70 Wash. 25 | Wash. | 1912

Gose, J.

The plaintiff brought this suit to recover for personal injuries sustained while working for the defendant Tribble. From a verdict and judgment in his favor against Tribble, the latter has appealed.

*26The appellant, at the time the respondent sustained the injury complained of, was engaged in grading a railroad track. The work was in a deep rock cut, and was carried on in the following manner: The stone from the cut was raised and placed upon a car by means of a derrick and then hauled away. A horse was used for power to operate the derrick. The derrick was composed of a mast, boom, drums and cable. The cable extended from the drums through pulleys at the base and apex of the boom, and was of sufficient length to extend from the top of the boom to the obj ect to be removed. ' There was a hook upon the end of the cable, which was placed in a chain around the stone desired to be moved. A guy rope was attached to the chain at a point near the stone, for the purpose of controlling its course and getting it upon the car. The respondent and three or four other men held the guy rope. The man who drove the horse acted as the signalman. The derrickman operated the gear and brake levers. These controlled the cable.

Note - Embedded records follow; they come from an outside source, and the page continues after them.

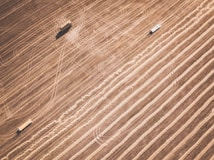 Aerial view of agricultural fields with distinct parallel lines indicating harvested areas. Two vehicles are present, possibly farm equipment, casting shadows on the textured landscape.
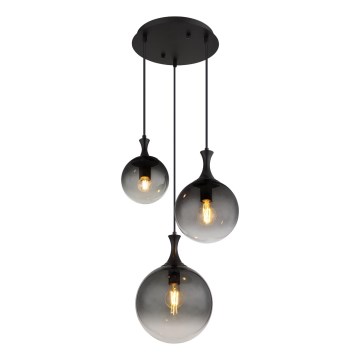Globo - Kattokruunu johdossa 3xE27/10W/230V halkaisija 48 cm musta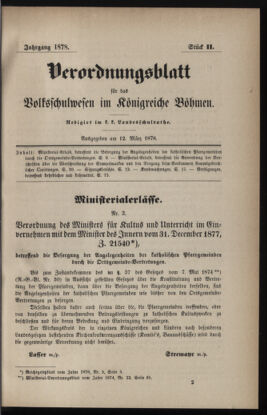 Verordnungsblatt für das Volksschulwesen im Königreiche Böhmen 18780312 Seite: 1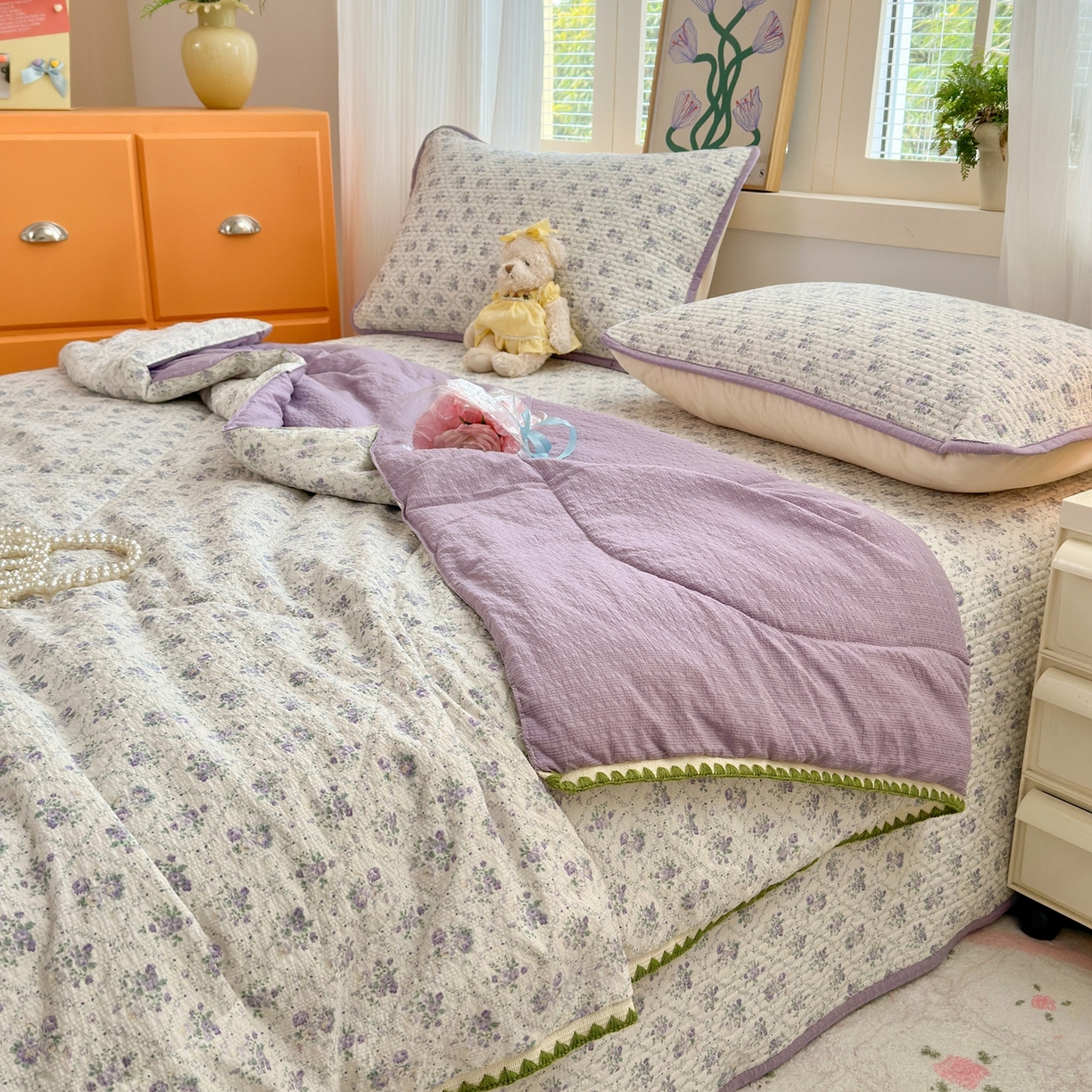 91家纺网 家纺一手货源 找家纺 老帅的工厂店 2026新款三角针泡芙夏被床盖四件套 柔紫漫花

The negligence charged is, that the stone which struck the respondent was lying a few feet from the end of the boom; that the derrickman moved it too rapidly, thus causing it to swing and strike the respondent; that the derrickman was incompetent and negligent, and that his incompetency was known to the appellant.

The appellant, at the close of the respondent’s evidence, and again at the close of all of the evidence, moved for a directed verdict. The denial of these motions constitutes the first and principal error relied upon. We think that both motions were well taken. The only evidence tending to show the incompetency of the derrickman is this: The respondent and his three witnesses began working for the appellant on the Saturday morning preceding the accident, and worked that day, a half of Sunday, and Monday morning for about two hours, when the respondent was injured. The derrickman who is charged with incompetency drove the horse on Saturday and operated the derrick on Sunday and *27Monday. A short time before the respondent was injured, a stone which was attached to the cable struck the car. The appellant’s superintendent then got upon the platform of the derrick, and according to the testimony of the respondent’s witnesses, cursed “the whole gang,” and gave the derrickman instructions. The work then proceeded and a short time thereafter the respondent sustained the injury. His testimony is that the stone was moved too fast, and that it was so large, that the men at the guy rope could not control its course.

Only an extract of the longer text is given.